[citation][nom]rustyxshackleford[/nom]The problem I see here is that no matter how many cores you`re putting in the package, it`s still a serial processor. I am in agreement with Bill Dally that we need to concentrate more on parallelism in our processor designs. I have no doubt that this CPU can probably parallel task very well, but we`re just delaying the inevitable here. This is not entirely semiconductor companies or hardware companies fault. Programmers are still writing in serial fashion, and the majority of programs cannot properly utilize all the abilities of the current hardware. That statement of course does not include those who are writing for Knoppix, beowulf, compute cluster and the like.[/citation]

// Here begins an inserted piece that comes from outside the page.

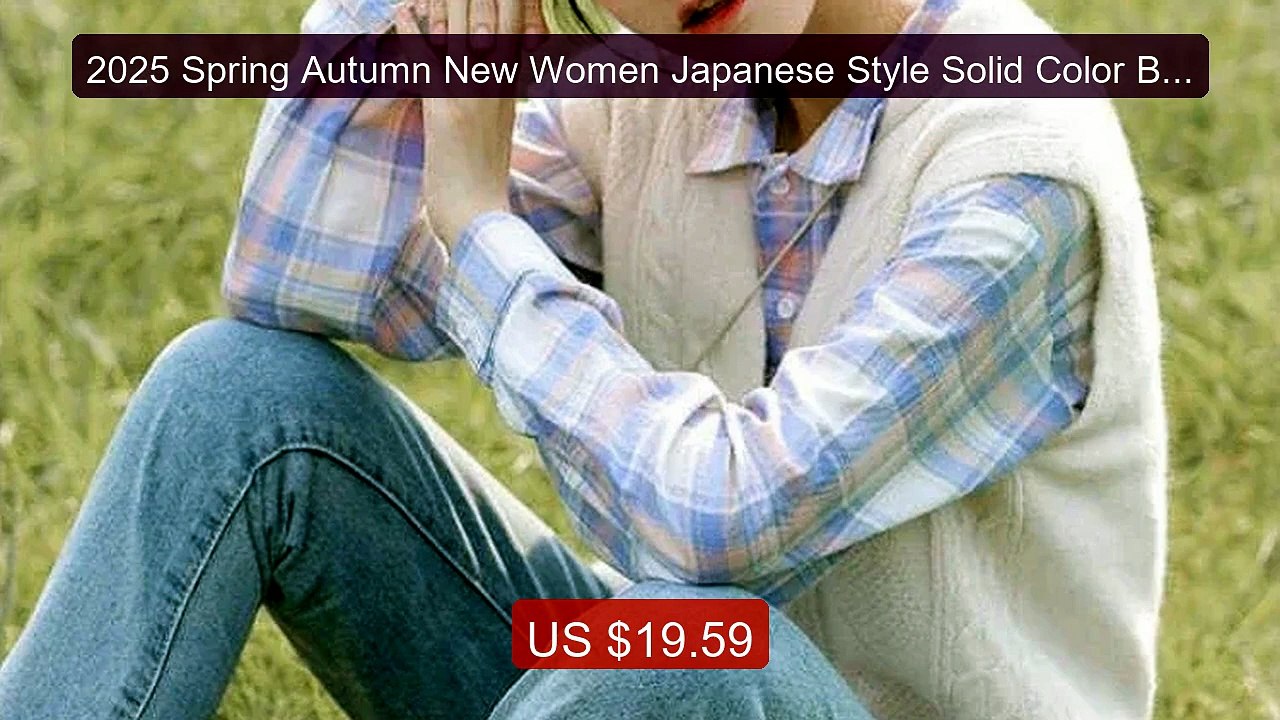 2025 Spring Autumn New Women Japanese Style Solid Color Button V Ne... -- Top Rated 2026 | Buy Now!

Actually, you sound like someone that read something, somewhere, without really understanding what's really going on.
Nehalem based processors are very wide, and have about as much ILP (instruction level parallelism) as is feasible. Some even suggest it is too wide. It's why hyperthreading works - the processor has more execution resources than one thread can typically use. It's also one reason it works better than on the Pentium 4, which was narrower.
Going wider would increase size, power use, and even limit clock speed slightly. At this point, it's very difficult to improve performance on a single thread, and it's much easier to add cores and improve TLP (thread level parallelism).
Itanium was designed to be much wider and be able to handle more instructions per cycle, but in practice, it hasn't been as successful as Intel might like.
Intel has given up on maximum thread level performance when they gave up on the Pentium 4 design. Very high clock speeds would be the best way, (although the Pentium 4 was a bad design by any measure) but high clock speed designs also take disproportionate amounts of energy and can be quite large, so Intel decided against continuing to follow that path. It would be very difficult to get a good performing high clock speed quad core with reasonable power use.
Now before someone says the Pentium 4 was slow, that's not an indictment against high clock speed processors, it was just a bad implementation of it. IBM was very successful with it. The Pentium 4, strangely, had only one decoder, and if the trace cache didn't have the instruction stream, it ran as a scalar processor. This happened almost 50% of the time the cache miss rate was so high. So, it wasn't that the processor had such a long pipeline (it was double-pumped anyway, which effectively made it a lot 'shorter') that made it slow, it was just a terrible design on Intel's part that happened to have a long pipeline.
Put another way, if you had the trace cache and single decoder on a Nehalem, it would run like a dog too. Actually, dogs aren't that slow, as natural as that expression sounds. How about a Sloth?